Palo verde trees still blooming in June

2014-06-21T00:00:00Z 2014-07-12T11:06:11Z Palo verde trees still blooming in JuneBy Doug Kreutz Arizona Daily Star Arizona Daily Star

Most palo verde trees put on their bold yellow flower show in April and May, but some of them are bursting into brilliant bloom even as summer begins and daily high temperatures soar past 100 degrees.

Among the late bloomers are the Mexican palo verde and the Desert Museum palo verde, a hybrid discovered at the Arizona-Sonora Desert Museum west of Tucson.

The bloom could continue well into summer.


A museum database indicates that the Desert Museum variety of the tree can flower at least into July, said Mark Dimmitt, retired director of natural history at the museum and the scientist who discovered the variety in 1979.

“Analysis revealed that the hybrid had been pollinated by a blue palo verde,” a variety that typically reaches its peak bloom in late April, Dimmitt said. Other types commonly peak a little later, with Foothills palo verde trees blooming heavily in May and Mexican palo verdes peaking after that.

“Desert Museum palo verde flowering spans the whole range” of the other types, with sporadic blooming continuing into summer, Dimmitt said.


“The mass blooming of palo verdes will end sometime this month, but light blooms can occur all summer with irrigation or monsoon rains,” said Mark Fleming, curator of botany at the Desert Museum.

Palo verde hybrids contribute to that prolonged bloom.

“Palo verdes hybridize naturally, on their own,” Fleming said. “Over the last 30 years, a lot of Desert Museum palo verdes have been planted. Also, there are other hybrid palo verdes being offered in nurseries that are not Desert Museum” variety.

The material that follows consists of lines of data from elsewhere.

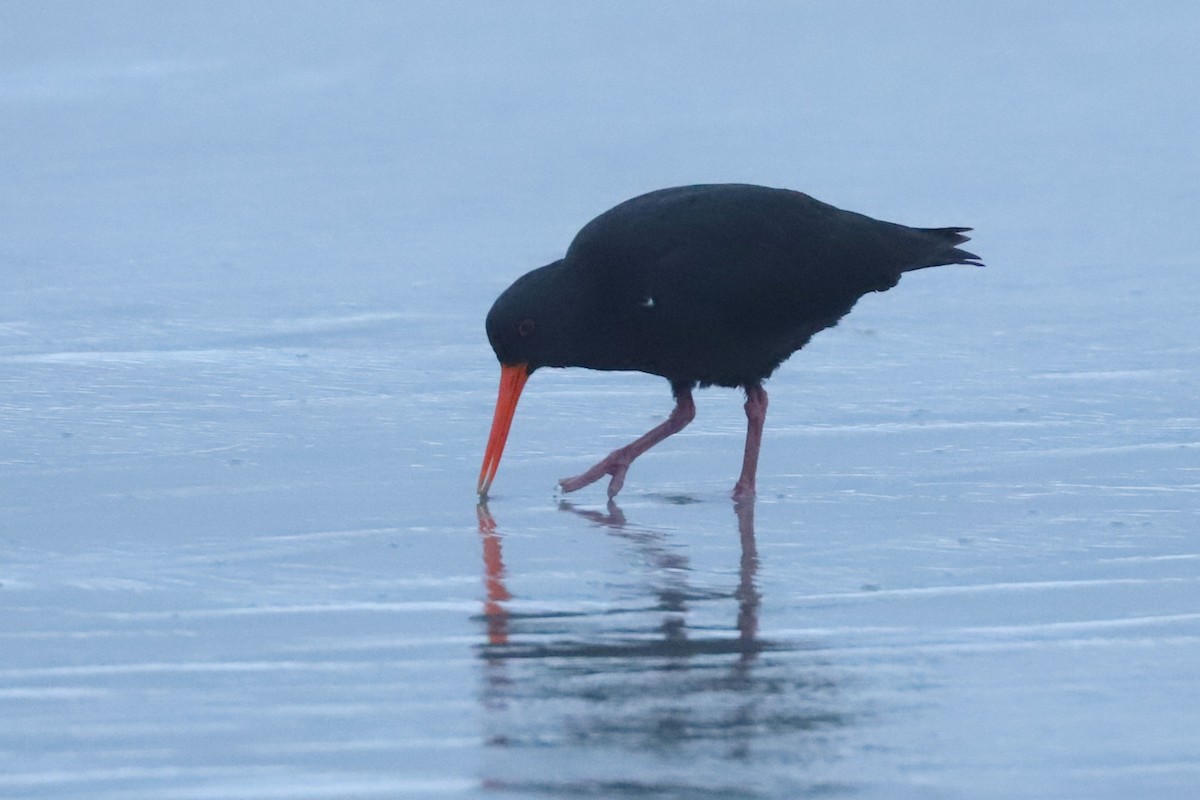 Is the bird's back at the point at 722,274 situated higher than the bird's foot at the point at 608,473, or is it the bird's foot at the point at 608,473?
the bird's back at the point at 722,274

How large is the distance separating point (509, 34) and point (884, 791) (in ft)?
38.0

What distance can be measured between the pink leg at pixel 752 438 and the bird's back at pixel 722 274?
0.08 meters

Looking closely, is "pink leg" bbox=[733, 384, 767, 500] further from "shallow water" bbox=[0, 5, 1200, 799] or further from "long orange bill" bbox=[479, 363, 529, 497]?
"long orange bill" bbox=[479, 363, 529, 497]

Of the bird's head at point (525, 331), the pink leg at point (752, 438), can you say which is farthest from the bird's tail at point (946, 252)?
the bird's head at point (525, 331)

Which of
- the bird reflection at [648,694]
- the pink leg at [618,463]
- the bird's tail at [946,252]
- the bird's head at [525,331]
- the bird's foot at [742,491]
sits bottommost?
the bird reflection at [648,694]

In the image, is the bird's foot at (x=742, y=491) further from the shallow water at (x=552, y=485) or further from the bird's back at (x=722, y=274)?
the bird's back at (x=722, y=274)

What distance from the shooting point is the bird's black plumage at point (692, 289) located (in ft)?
18.4

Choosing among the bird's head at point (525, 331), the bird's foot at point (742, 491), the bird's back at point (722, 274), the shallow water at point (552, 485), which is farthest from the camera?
the bird's back at point (722, 274)

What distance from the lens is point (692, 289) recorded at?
5664 mm

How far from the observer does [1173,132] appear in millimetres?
11555

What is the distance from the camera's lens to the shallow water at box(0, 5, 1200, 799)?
327 cm

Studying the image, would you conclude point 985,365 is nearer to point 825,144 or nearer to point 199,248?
point 199,248

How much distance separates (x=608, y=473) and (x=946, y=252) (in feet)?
5.25

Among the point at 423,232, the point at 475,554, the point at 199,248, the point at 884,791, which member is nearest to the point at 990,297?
the point at 423,232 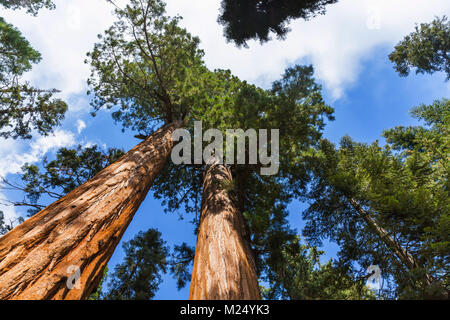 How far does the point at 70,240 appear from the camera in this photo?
2051 millimetres

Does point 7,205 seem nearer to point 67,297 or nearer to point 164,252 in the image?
point 164,252

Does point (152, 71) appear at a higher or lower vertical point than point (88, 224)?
higher

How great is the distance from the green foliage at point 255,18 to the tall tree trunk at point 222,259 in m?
6.54

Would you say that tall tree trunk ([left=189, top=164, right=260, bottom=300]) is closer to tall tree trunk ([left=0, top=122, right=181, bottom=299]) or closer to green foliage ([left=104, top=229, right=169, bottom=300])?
tall tree trunk ([left=0, top=122, right=181, bottom=299])

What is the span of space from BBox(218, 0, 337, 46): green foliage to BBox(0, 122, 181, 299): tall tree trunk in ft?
21.9

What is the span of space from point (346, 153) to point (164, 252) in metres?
6.29

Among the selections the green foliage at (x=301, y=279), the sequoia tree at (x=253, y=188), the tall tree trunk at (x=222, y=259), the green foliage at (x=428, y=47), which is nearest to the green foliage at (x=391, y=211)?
the green foliage at (x=301, y=279)

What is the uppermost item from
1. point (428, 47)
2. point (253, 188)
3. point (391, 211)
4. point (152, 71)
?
point (428, 47)

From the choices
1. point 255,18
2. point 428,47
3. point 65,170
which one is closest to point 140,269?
point 65,170

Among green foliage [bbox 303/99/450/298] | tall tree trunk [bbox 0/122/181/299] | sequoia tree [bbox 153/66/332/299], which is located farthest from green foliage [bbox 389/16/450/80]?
tall tree trunk [bbox 0/122/181/299]

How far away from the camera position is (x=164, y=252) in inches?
210

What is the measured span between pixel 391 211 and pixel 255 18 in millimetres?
7386

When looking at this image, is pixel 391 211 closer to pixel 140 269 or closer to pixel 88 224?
pixel 88 224
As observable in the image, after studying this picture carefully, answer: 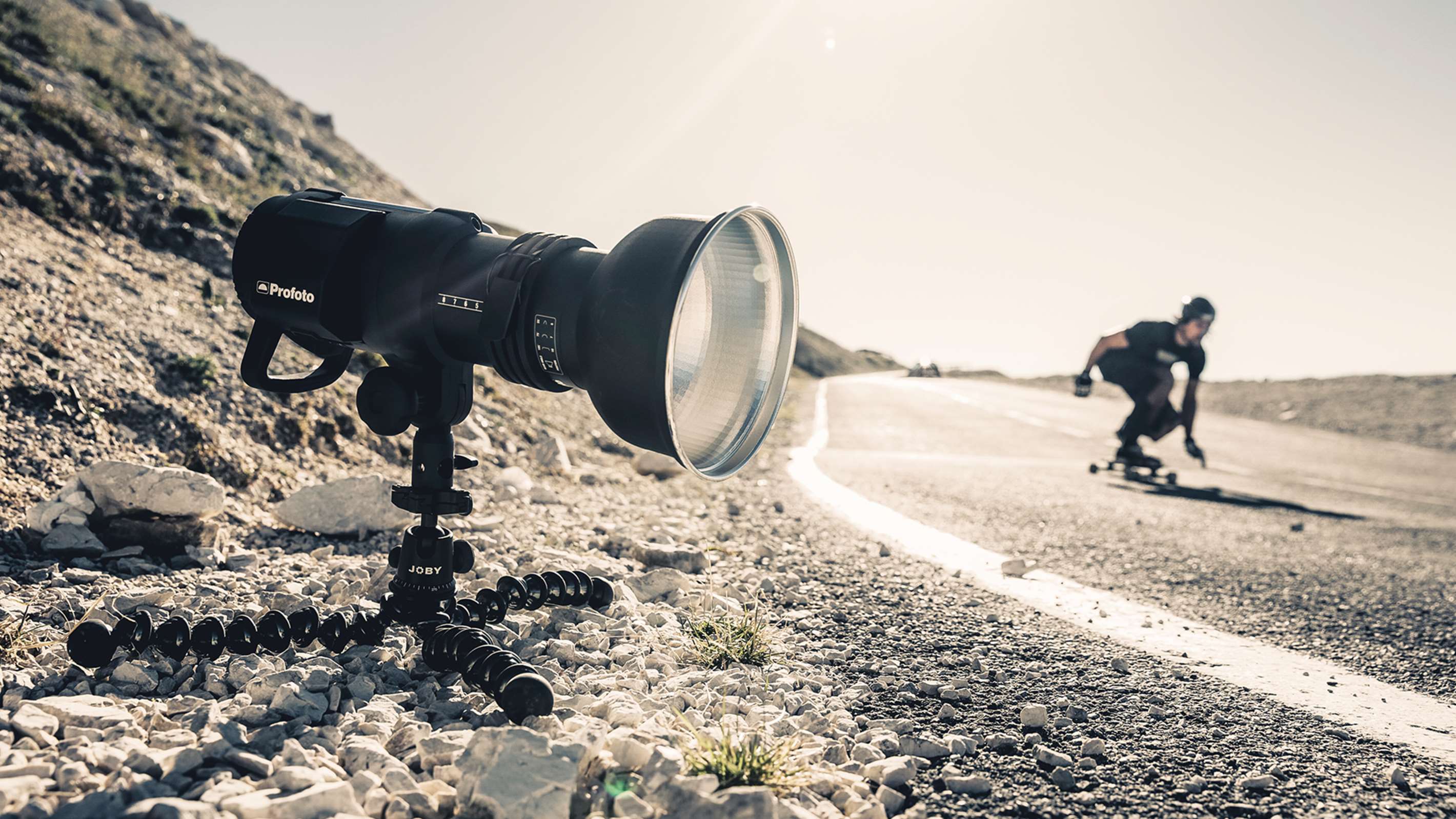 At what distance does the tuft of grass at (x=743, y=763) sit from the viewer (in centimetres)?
173

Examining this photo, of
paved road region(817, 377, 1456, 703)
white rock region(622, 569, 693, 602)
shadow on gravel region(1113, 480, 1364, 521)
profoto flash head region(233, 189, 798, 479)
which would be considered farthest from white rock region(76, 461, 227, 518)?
shadow on gravel region(1113, 480, 1364, 521)

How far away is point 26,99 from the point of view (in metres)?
7.17

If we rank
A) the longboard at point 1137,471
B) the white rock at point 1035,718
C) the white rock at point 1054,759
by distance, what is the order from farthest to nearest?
the longboard at point 1137,471 < the white rock at point 1035,718 < the white rock at point 1054,759

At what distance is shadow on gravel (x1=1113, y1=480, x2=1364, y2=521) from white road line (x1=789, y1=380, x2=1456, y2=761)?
15.4 ft

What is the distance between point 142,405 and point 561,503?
2305mm

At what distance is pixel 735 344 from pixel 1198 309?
8691mm

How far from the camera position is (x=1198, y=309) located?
9.20m

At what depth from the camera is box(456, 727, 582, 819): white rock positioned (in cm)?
161

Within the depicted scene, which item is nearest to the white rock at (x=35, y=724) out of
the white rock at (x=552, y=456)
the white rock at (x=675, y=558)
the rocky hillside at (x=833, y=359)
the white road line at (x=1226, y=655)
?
the white rock at (x=675, y=558)

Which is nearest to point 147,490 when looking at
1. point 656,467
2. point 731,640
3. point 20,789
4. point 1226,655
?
point 20,789

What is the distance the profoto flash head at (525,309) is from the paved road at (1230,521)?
2.42m

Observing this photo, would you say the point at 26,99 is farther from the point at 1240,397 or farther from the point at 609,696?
the point at 1240,397

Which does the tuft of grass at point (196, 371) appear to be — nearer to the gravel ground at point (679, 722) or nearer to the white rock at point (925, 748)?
the gravel ground at point (679, 722)

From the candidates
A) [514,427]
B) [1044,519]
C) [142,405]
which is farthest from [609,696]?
[514,427]
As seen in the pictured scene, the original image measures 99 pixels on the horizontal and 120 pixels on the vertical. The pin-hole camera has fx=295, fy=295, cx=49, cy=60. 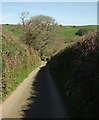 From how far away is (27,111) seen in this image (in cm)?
1311

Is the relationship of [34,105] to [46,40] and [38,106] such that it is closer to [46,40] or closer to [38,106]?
[38,106]

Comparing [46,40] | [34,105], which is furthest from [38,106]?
[46,40]

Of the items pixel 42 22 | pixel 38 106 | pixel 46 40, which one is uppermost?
pixel 42 22

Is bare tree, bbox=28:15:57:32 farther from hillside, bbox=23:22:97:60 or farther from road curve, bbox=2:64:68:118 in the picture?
road curve, bbox=2:64:68:118

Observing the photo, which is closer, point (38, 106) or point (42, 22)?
point (38, 106)

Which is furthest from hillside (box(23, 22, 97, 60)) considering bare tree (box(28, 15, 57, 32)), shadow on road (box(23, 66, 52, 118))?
shadow on road (box(23, 66, 52, 118))

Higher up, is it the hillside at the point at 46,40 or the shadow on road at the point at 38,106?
the hillside at the point at 46,40

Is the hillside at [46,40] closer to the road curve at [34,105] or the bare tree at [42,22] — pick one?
the bare tree at [42,22]

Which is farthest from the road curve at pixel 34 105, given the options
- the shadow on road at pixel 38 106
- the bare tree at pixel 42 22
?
the bare tree at pixel 42 22

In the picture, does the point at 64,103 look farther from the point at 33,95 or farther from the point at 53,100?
the point at 33,95

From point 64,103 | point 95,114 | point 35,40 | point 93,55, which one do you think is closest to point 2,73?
point 64,103

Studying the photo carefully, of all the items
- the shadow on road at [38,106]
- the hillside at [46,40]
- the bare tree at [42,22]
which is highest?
the bare tree at [42,22]

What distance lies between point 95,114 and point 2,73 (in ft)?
28.6

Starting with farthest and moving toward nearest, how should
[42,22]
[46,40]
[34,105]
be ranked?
[42,22]
[46,40]
[34,105]
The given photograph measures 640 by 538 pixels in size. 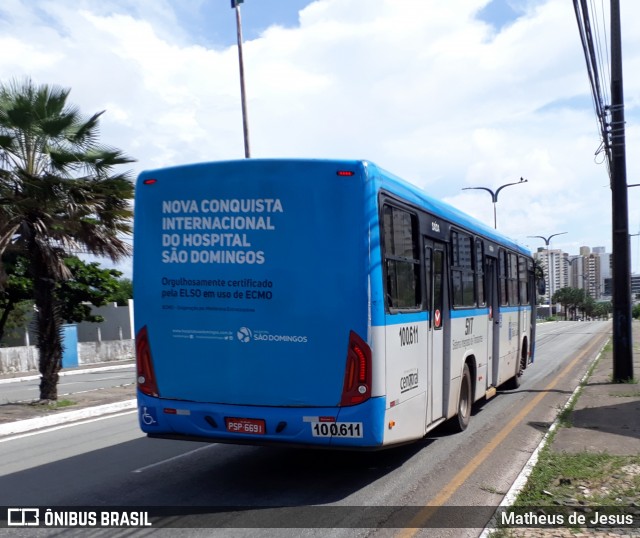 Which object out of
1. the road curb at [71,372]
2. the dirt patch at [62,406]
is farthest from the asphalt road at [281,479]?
the road curb at [71,372]

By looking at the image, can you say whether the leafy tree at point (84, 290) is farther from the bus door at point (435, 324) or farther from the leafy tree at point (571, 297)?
the leafy tree at point (571, 297)

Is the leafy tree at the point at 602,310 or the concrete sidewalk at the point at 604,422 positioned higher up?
the concrete sidewalk at the point at 604,422

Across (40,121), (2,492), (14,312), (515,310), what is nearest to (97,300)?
(14,312)

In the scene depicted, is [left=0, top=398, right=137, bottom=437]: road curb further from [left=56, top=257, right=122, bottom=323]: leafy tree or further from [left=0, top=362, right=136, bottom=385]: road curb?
[left=56, top=257, right=122, bottom=323]: leafy tree

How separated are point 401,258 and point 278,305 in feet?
4.85

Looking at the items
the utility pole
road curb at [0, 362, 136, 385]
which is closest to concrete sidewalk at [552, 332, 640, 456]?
the utility pole

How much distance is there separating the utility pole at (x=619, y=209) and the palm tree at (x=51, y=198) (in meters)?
10.8

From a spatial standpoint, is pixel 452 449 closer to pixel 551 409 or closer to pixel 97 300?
pixel 551 409

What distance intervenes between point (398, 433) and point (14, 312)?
37.8 m

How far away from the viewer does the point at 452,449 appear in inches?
364

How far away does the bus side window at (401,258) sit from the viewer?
705 centimetres

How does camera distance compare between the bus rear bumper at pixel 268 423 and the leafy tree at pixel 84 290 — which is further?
the leafy tree at pixel 84 290

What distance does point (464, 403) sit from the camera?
10.2 meters

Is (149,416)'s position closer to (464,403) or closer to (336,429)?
(336,429) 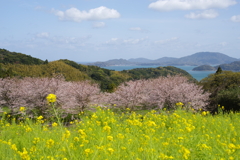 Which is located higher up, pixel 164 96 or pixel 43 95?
pixel 43 95

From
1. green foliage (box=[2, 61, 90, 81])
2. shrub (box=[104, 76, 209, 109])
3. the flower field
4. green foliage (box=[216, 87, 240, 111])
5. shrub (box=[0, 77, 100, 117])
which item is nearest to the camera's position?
the flower field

Some of those trees now hybridize with native species and with each other — “and so bloom periods can appear inconsistent with our memories of the past, especially in urban situations and especially with hybrid trees,” Fleming said.


Pinpointing the start and extent of blooms for the various types of palo verde trees can be a challenge.

“The answer is not simple because flowering is triggered by a combination of fall rain and winter-spring temperatures,” Dimmitt said.

The bloom periods “could be two weeks earlier or later (than normal), depending on the preceding year’s weather,” he said.

Take home message: Enjoy the late bloomers now and keep an eye out for flowering overachievers as the summer sizzles on.